Dopo una serie di preoccupanti episodi, in casa, per strada e anche sul luogo di lavoro della donna, la 36enne ha trovato il coraggio di chiedere aiuto e di usare il numero di telefono del comandante della Locale. Un numero che lui stesso le aveva lasciato quando, durante un controllo qualche tempo prima, l’aveva trovata spaventata ma decisa a non raccontare altro.
L'escalation
Nelle settimane successive però la situazione è precipitata. In una occasione l’uomo ha cominciato a tempestarla di telefonate mentre lei era al lavoro, costringendola a lasciare precipitosamente l’impiego per raggiungerlo e mettere al sicuro la figlia, in una altra occasione le ha dato una violenta testata e ancora l’ha presa per il collo minacciandola di ucciderla oppure l’ha presa a calci.
Non solo.

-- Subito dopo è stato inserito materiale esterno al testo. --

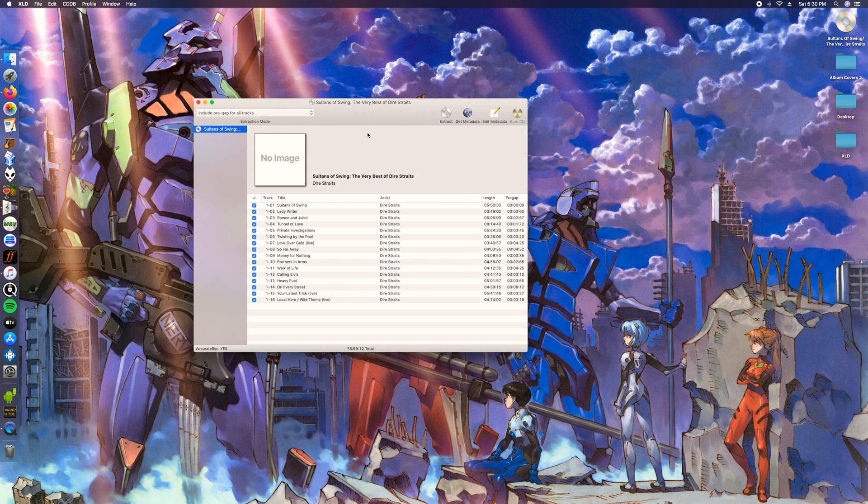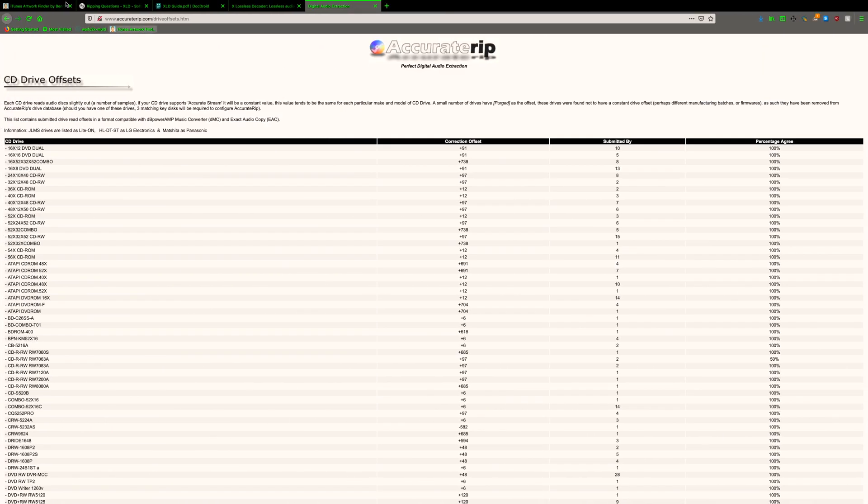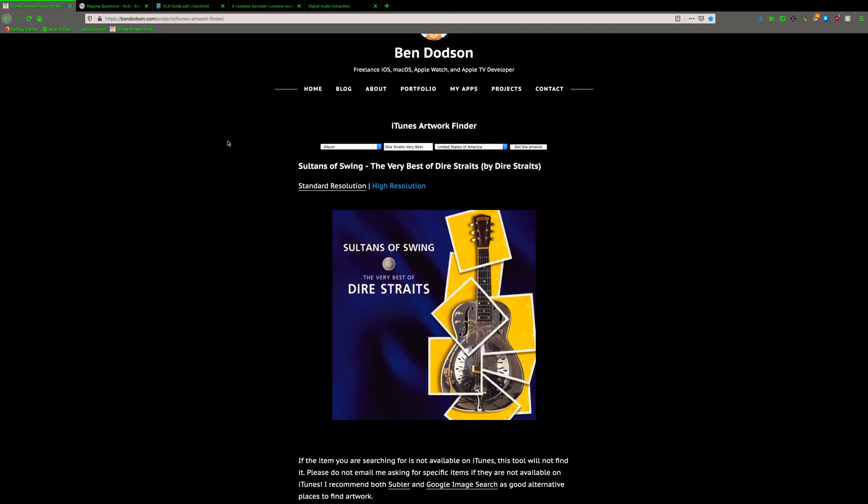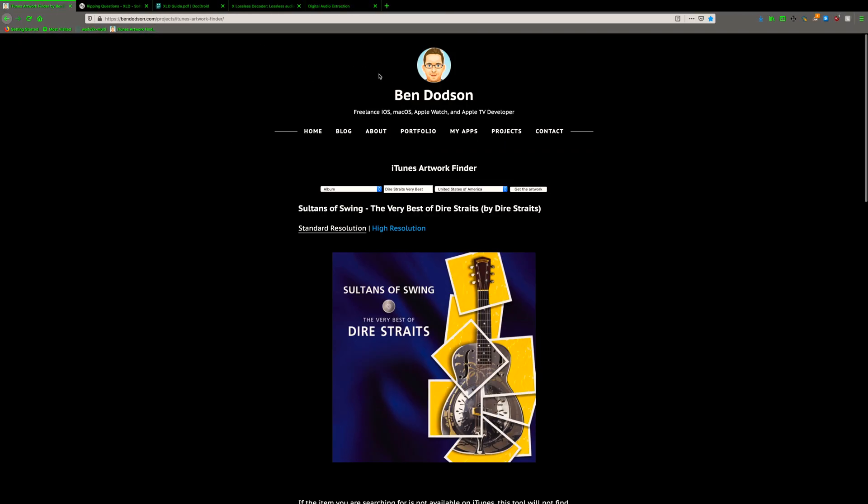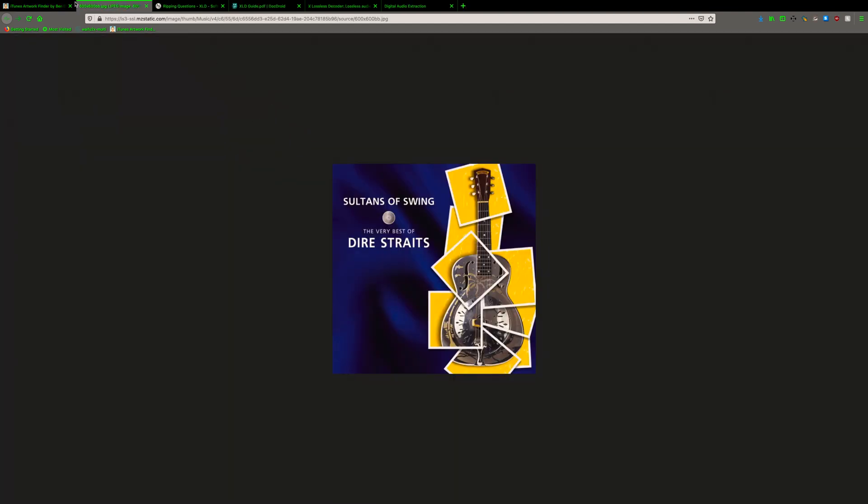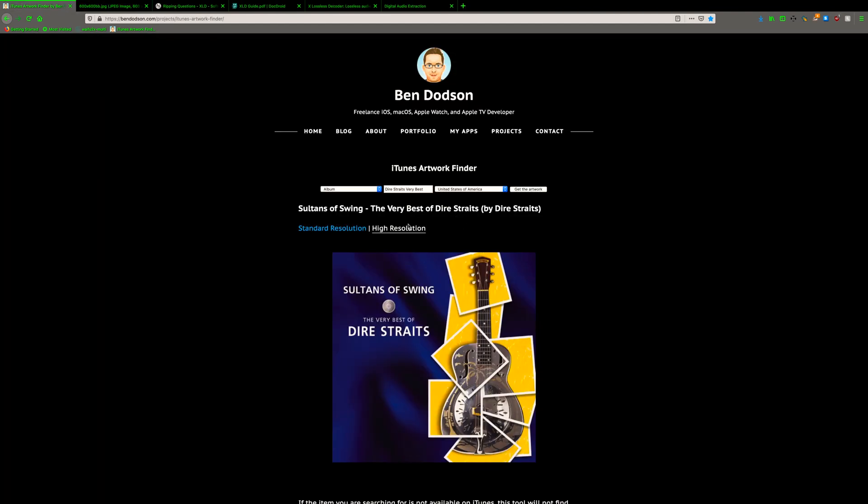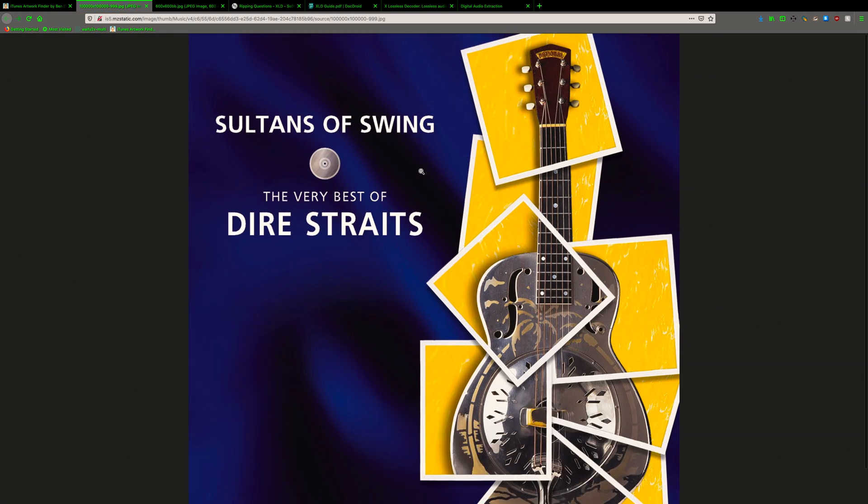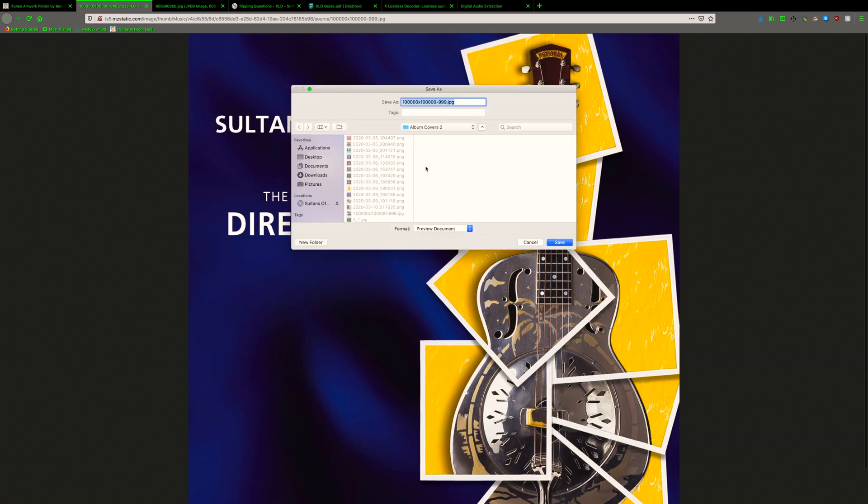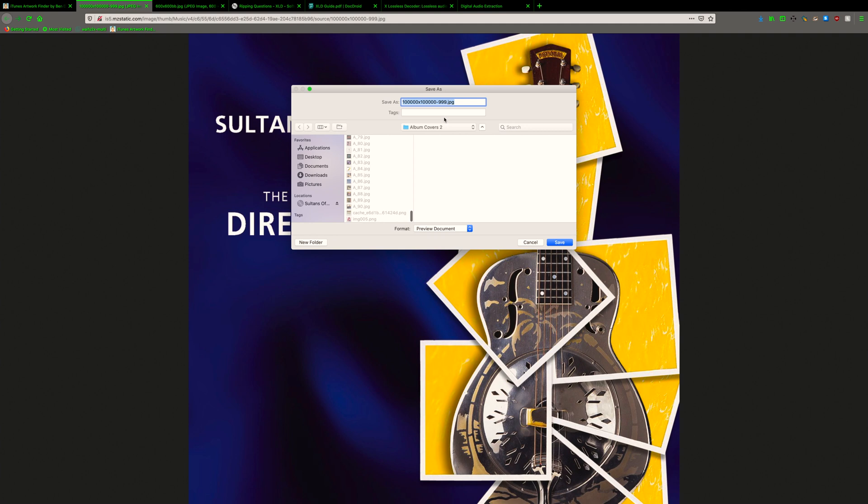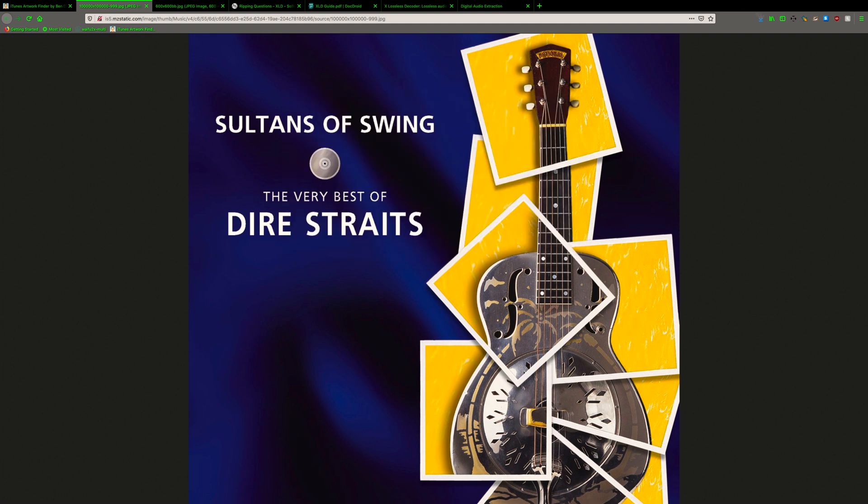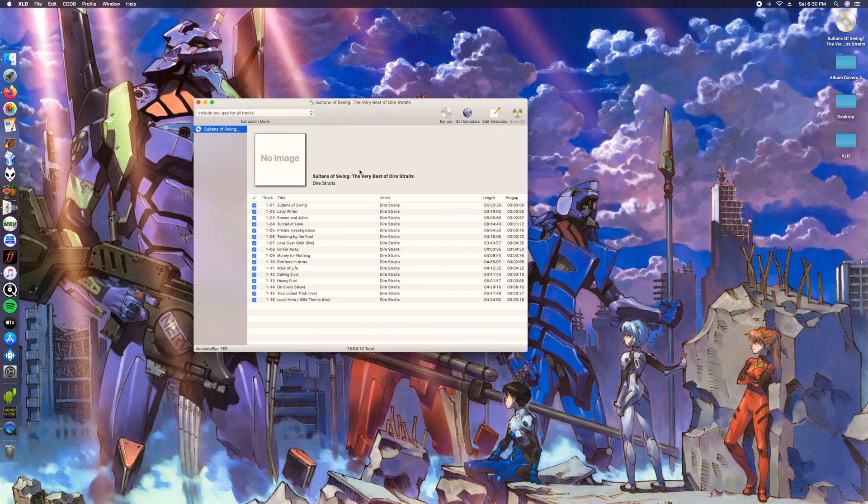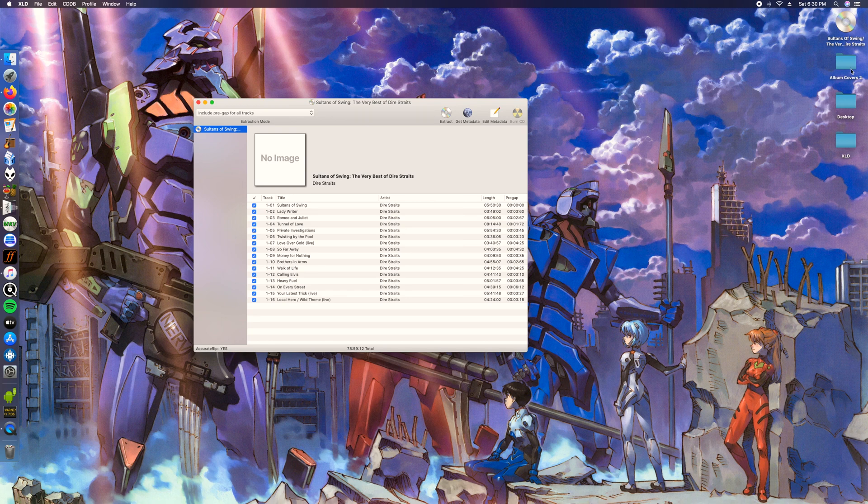Say you didn't want the album art or that's the wrong one or it's not good quality. Here's this website right here. I'll leave it in the description as well where you can find the album art for any CD pretty much. It's gonna find the album art from iTunes and pull it for you. It'll provide a standard resolution and a high-def resolution or higher resolution. I'm gonna go ahead and use this one.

Quando lei provava a far valere le proprie ragioni, lui la sminuiva ripetendole che nessuno le avrebbe creduto e che anzi sarebbe stata lei ad essere arrestata. E quando lei era preoccupata, spaventata oppure in lacrime la filmava e poi la minacciava di diffondere il video. Una situazione che era diventata insostenibile e che, purtroppo, avrebbe potuto andare anche oltre.
La svolta, per fortuna, è arrivata prima che fosse troppo tardi. La donna si è barricata in bagno con la figlia e il telefono. Ha contattato la Locale della Valtrompia e il comandante, mentre inviava le pattuglie, è rimasto con lei al telefono, ascoltando le minacce e sentendo il tonfo dei colpi sulla porta, fino a quando gli agenti non hanno bloccato il marito violento e soccorso madre e figlia.
Le due sono state trasferite in ospedale, medicate per le contusioni riportate e affidate ad un servizio specializzato per il sostegno alle vittime di violenza, mentre veniva arrivato il protocollo per il Codice Rosso. L’uomo invece è stato arrestato e trattenuto nella sezione ospedaliera psichiatrica.